Choosing the Shortest Story Forms
October 13, 2016
Former guest editor Leland Cheuk writes for the blog this week about using epistolary forms and bullet points in flash fiction.
By Leland Cheuk
Until recent years, I wrote only novels, thinking of them as the ultimate literary art form—the home run. I didn’t feel at all comfortable with the short form. How could I possibly fit my grand and unforgettable themes, my many profundities in a few thousand words? Invariably, I’d start each short story with a novelesque first scene that was four or five pages long—well beyond the typical word count of flash fiction. In the last few years, thanks to so many literary journals moving online, the conventional short story form has become even shorter. I found myself with 6,000-word stories with few places to send them, so I started writing more flash in the hopes of publishing more often. At first, it was difficult squeezing full scenes into a line or two. But with practice and a little trickery, I began to churn out 1,000-2,000-word pieces that felt whole. Several of these flash stories made it into my recently released collection Letters from Dinosaurs. To keep my word counts down, I chose story forms that had inherent word-count limits.

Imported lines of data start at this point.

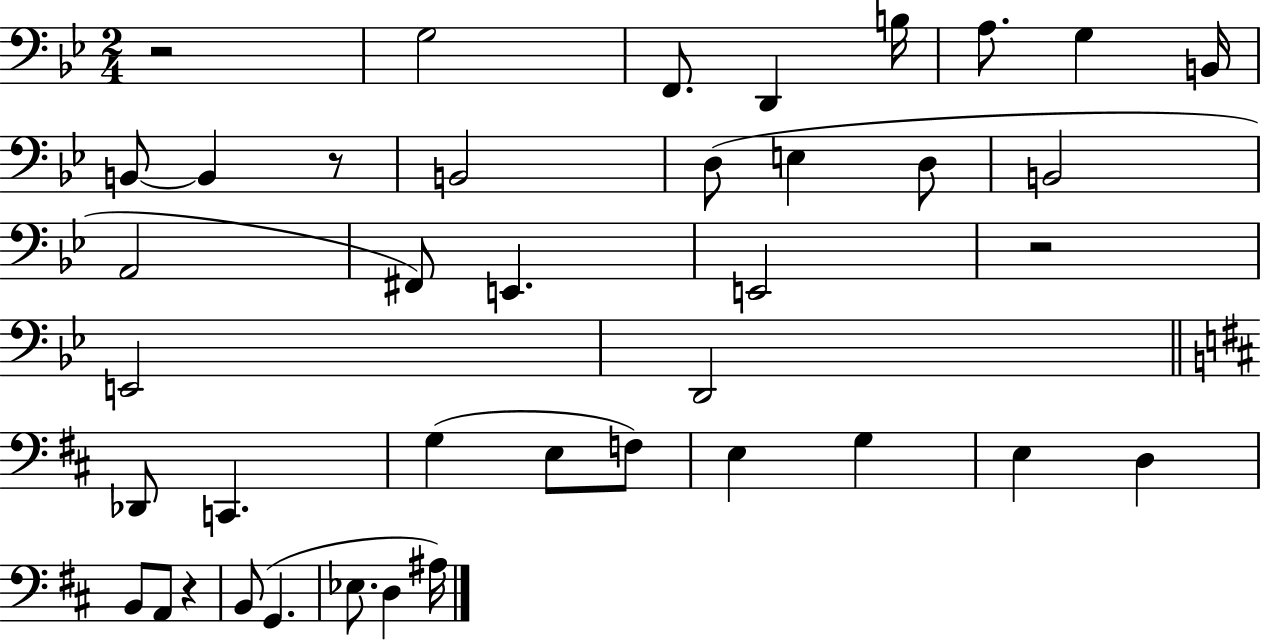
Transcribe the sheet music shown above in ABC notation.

X:1
T:Untitled
M:2/4
L:1/4
K:Bb
z2 G,2 F,,/2 D,, B,/4 A,/2 G, B,,/4 B,,/2 B,, z/2 B,,2 D,/2 E, D,/2 B,,2 A,,2 ^F,,/2 E,, E,,2 z2 E,,2 D,,2 _D,,/2 C,, G, E,/2 F,/2 E, G, E, D, B,,/2 A,,/2 z B,,/2 G,, _E,/2 D, ^A,/4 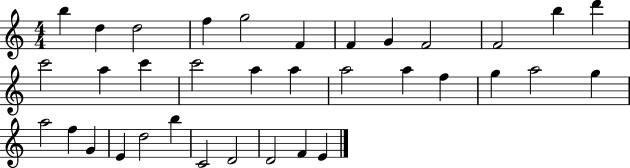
{
  \clef treble
  \numericTimeSignature
  \time 4/4
  \key c \major
  b''4 d''4 d''2 | f''4 g''2 f'4 | f'4 g'4 f'2 | f'2 b''4 d'''4 | \break c'''2 a''4 c'''4 | c'''2 a''4 a''4 | a''2 a''4 f''4 | g''4 a''2 g''4 | \break a''2 f''4 g'4 | e'4 d''2 b''4 | c'2 d'2 | d'2 f'4 e'4 | \break \bar "|."
} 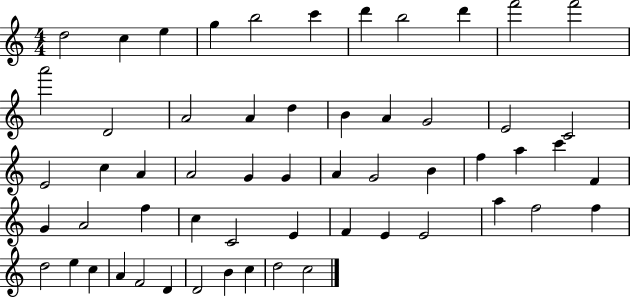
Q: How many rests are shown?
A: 0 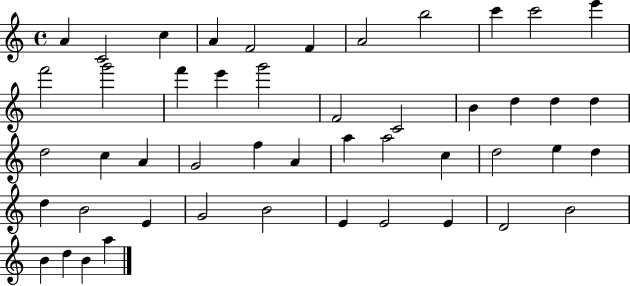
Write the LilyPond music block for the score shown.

{
  \clef treble
  \time 4/4
  \defaultTimeSignature
  \key c \major
  a'4 c'2 c''4 | a'4 f'2 f'4 | a'2 b''2 | c'''4 c'''2 e'''4 | \break f'''2 g'''2 | f'''4 e'''4 g'''2 | f'2 c'2 | b'4 d''4 d''4 d''4 | \break d''2 c''4 a'4 | g'2 f''4 a'4 | a''4 a''2 c''4 | d''2 e''4 d''4 | \break d''4 b'2 e'4 | g'2 b'2 | e'4 e'2 e'4 | d'2 b'2 | \break b'4 d''4 b'4 a''4 | \bar "|."
} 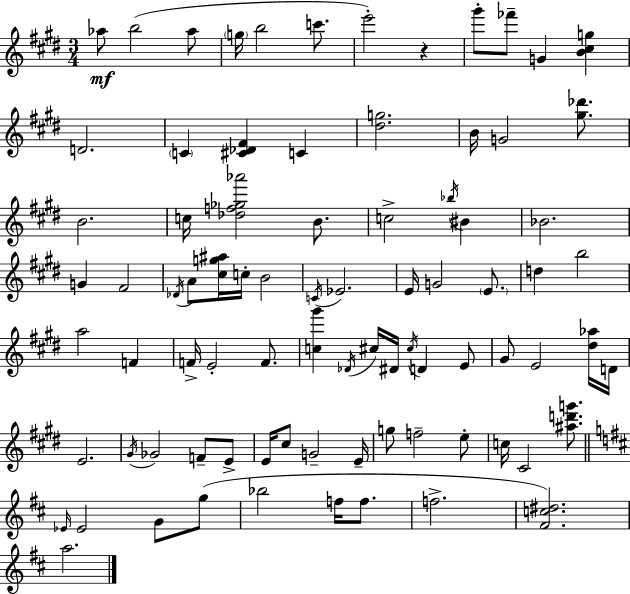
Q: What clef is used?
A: treble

For example, in “A Letter From Your Dinosaur,” I used the epistolary form. An estranged father taunts his “futurist,” tech mogul son by writing an old-fashioned paper letter. Who sits down and writes a letter by hand anymore? When I write a thank-you card, my eyes water, my hand cramps, and inevitably, my message shortens to a few sentences. The average email length ranges between 250-500 words. Written letters have drifted toward that size. In “A Letter From Your Dinosaur,” the story ended up being just 1,400 words. By simply starting the story with the word “Dear,” you can put your story in a container that has its own word limits.

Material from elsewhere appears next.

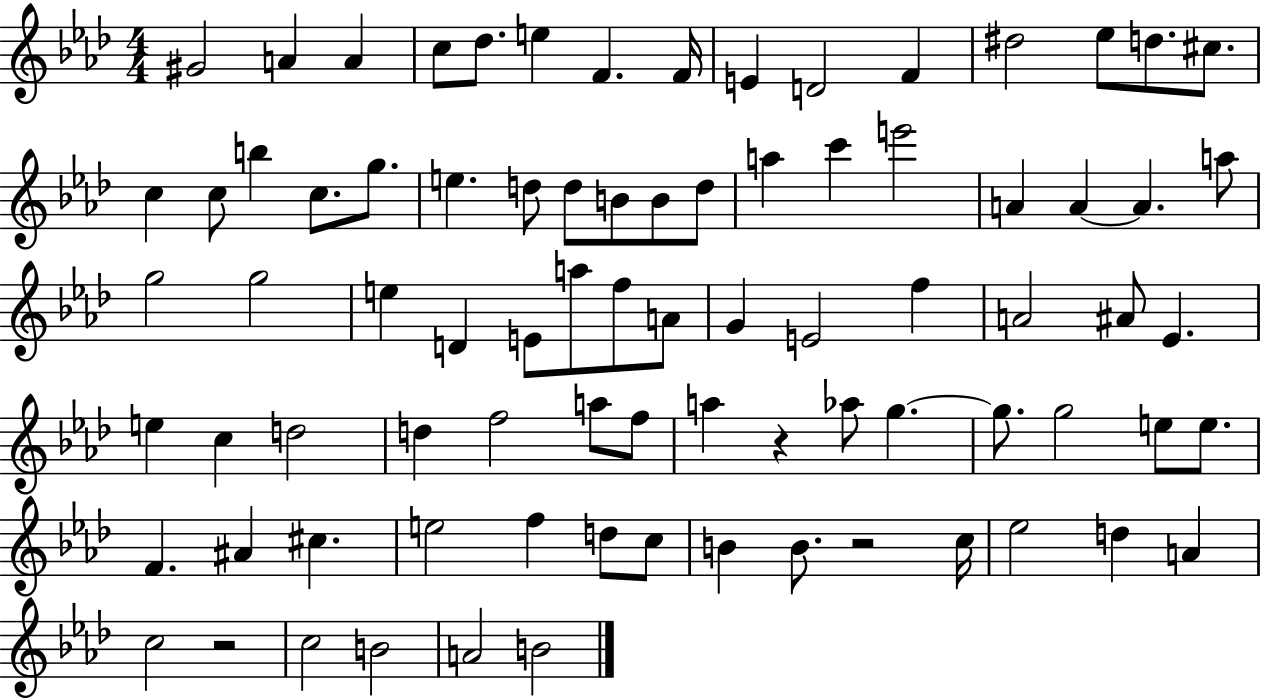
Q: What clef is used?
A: treble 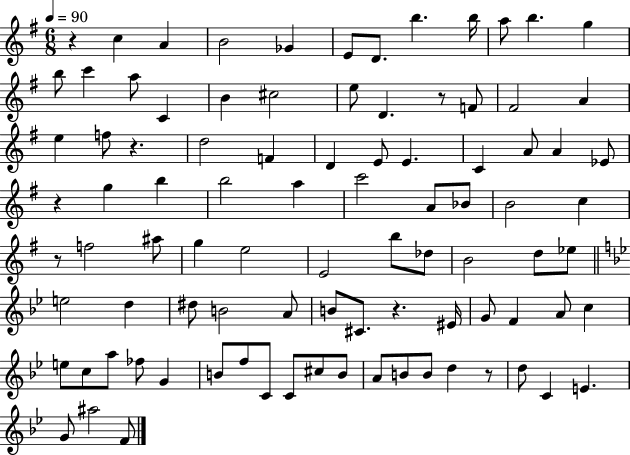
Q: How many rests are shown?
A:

In “League of Losers,” I took the epistolary form and extended it to the email. The story is a thread from a fantasy baseball league email list that goes horribly awry when a member reveals the non-baseball-related fact that he’s mourning the sudden death of his brother. Emails may average 250 words, but many times they are far shorter. In just 50-100 words, you can fit numerous back-and-forths and have a story that operates like dialogue. The longest email in “League of Losers” is 380 words. The shortest is just four words (“Omg I’m an idiot”). Every letter in an email says something about a person. One might include a famous quotation as part of his or her email signature. One might not use a signature at all. One might name his or her email address after one’s pet. One might write unusually long emails, indicating a lack of awareness or interest in the attention span of his or her audience. One might use ALL CAPS often, demonstrating that his or her personality is outsized. I used those nuances to create distinct characters using as little space as possible. “League of Losers” is just 1,700 words long and contains seven speaking characters.

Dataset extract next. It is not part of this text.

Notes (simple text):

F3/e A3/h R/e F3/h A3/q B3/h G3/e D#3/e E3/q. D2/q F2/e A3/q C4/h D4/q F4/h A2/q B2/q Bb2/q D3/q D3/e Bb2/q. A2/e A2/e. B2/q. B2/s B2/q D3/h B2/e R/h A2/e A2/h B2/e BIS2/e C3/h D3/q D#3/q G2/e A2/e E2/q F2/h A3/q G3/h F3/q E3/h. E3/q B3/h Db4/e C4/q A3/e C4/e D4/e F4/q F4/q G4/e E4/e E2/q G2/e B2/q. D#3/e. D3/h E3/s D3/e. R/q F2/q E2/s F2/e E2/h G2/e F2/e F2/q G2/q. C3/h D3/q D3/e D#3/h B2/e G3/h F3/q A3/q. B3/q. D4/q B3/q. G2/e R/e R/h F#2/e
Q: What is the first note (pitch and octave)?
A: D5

One of the banes of my existence as a corporate marketing professional was the bullet point. The entire purpose of bullet points in business documents is to shorten messages to a few salient words. In fact, it’s designed to encourage the omission of the sentence’s subject, making one’s thought all verb and object—in short, all action. In my 3,000-word story “The Bullet Points of Valley Pete,” I wrote an entire story using bullet points. Instead of using quotations and dialogue tags, I simply indented the bullet point. Instead of using paragraphs, I bullet-pointed key slices of information. In this passage from the story, I mix complete sentences and fragments that you would commonly see in a business presentation:
- Maeve is twenty-eight.
- Used to work as a lobbyist for a pharmaceutical company.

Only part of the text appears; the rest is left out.